> [ASSIGNMENT]: Repeat the stretch of entries below from the line with "Pochette de protection RFID pour passeport" through the line with "Портативный генератор дыма". Include both ends and add nothing.

> [PROVIDED RECORDS]:

★ ★ ★ ★ ★ ★ ★

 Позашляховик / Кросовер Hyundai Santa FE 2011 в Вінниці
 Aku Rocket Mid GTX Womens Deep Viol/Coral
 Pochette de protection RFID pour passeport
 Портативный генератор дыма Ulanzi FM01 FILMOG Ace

★ ★ ★ ★ ★ ★ ★

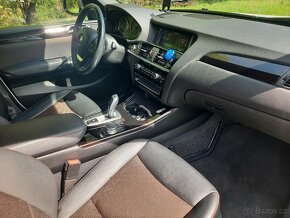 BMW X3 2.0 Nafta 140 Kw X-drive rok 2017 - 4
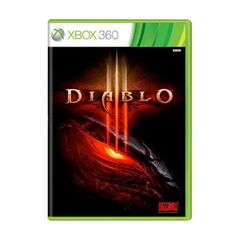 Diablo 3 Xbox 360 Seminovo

★ ★ ★ ★ ★ ★ ★

> [RESPONSE BELOW]:
 Pochette de protection RFID pour passeport
 Портативный генератор дыма Ulanzi FM01 FILMOG Ace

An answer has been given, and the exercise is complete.